Warszawa rozważa nowy podatek na puste mieszkania – czy podąży śladami Katowic?

Warszawa rozważa nowy podatek na puste mieszkania – czy podąży śladami Katowic?

Debata dotycząca podatków od niesprzedanych mieszkań w Warszawie nabiera tempa, a temat wywołuje żywe zainteresowanie zarówno wśród miejskich radnych, jak i deweloperów. Próby znalezienia skutecznych sposobów na ograniczenie liczby pustostanów mogą wkrótce przełożyć się na konkretne zmiany w polityce podatkowej stolicy.

Nowe podejście do pustych mieszkań – przykład Katowic

Katowice wyznaczyły niedawno nowy kierunek, podnosząc stawkę podatku dla właścicieli pustych lokali do 34 zł za metr kwadratowy rocznie. Dotychczas właściciele płacili zaledwie 1,19 zł, co w praktyce nie zniechęcało do przetrzymywania mieszkań bez najemców czy kupców. Decyzja ta zapadła w następstwie wyroku Naczelnego Sądu Administracyjnego z października 2024 roku, który jednoznacznie określił, że preferencyjne stawki podatkowe mają przysługiwać jedynie lokalom faktycznie wykorzystywanym na cele mieszkaniowe.

Jakie argumenty pojawiają się w Warszawie?
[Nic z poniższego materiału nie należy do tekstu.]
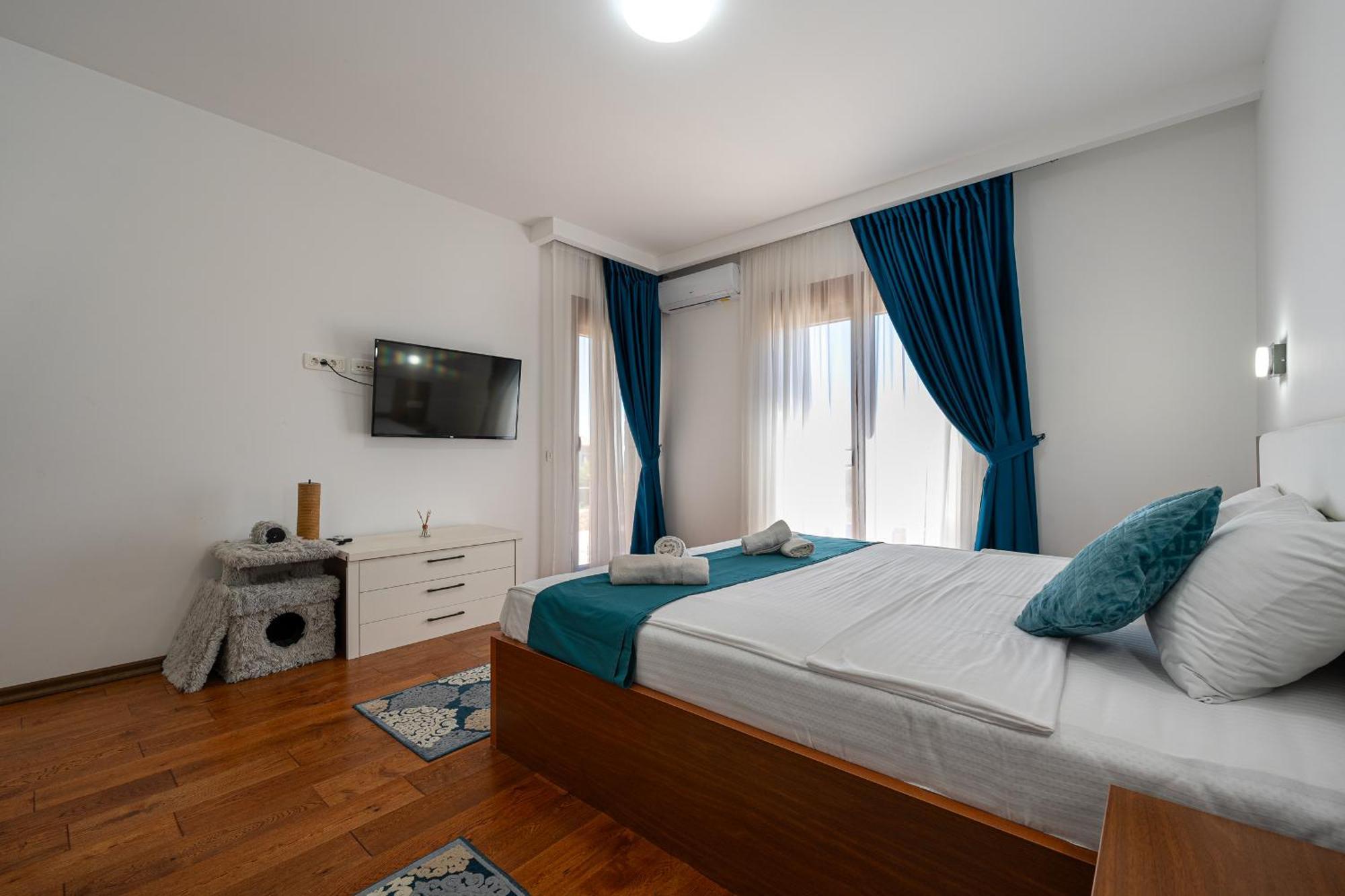 Villa Presidente Budva Exterior photo
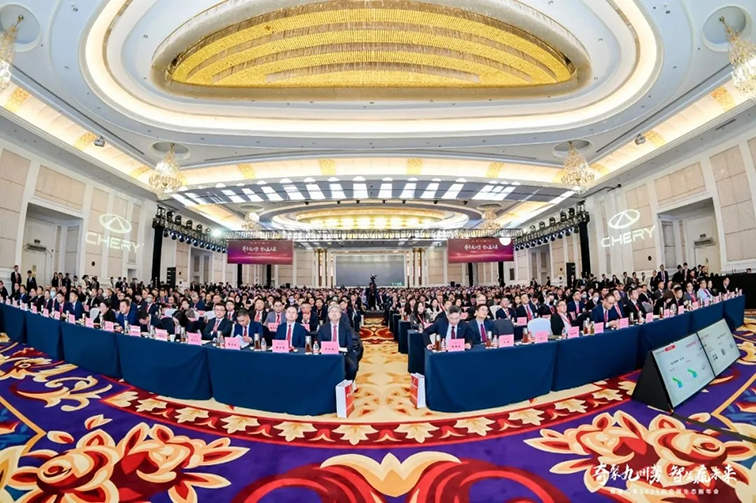 熱烈祝賀瑞安汽車再獲殊榮！(圖1)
Pomysł podniesienia podatku od niesprzedanych lokali w Warszawie znajduje poparcie wśród części radnych oraz urzędników ratusza. Z ich perspektywy wyższy podatek może być skutecznym narzędziem ograniczającym zjawisko przetrzymywania pustych mieszkań przez deweloperów. Według zwolenników zmian, taka decyzja mogłaby wpłynąć na zwiększenie dostępności mieszkań dla mieszkańców stolicy oraz ograniczyć spekulacje na rynku nieruchomości.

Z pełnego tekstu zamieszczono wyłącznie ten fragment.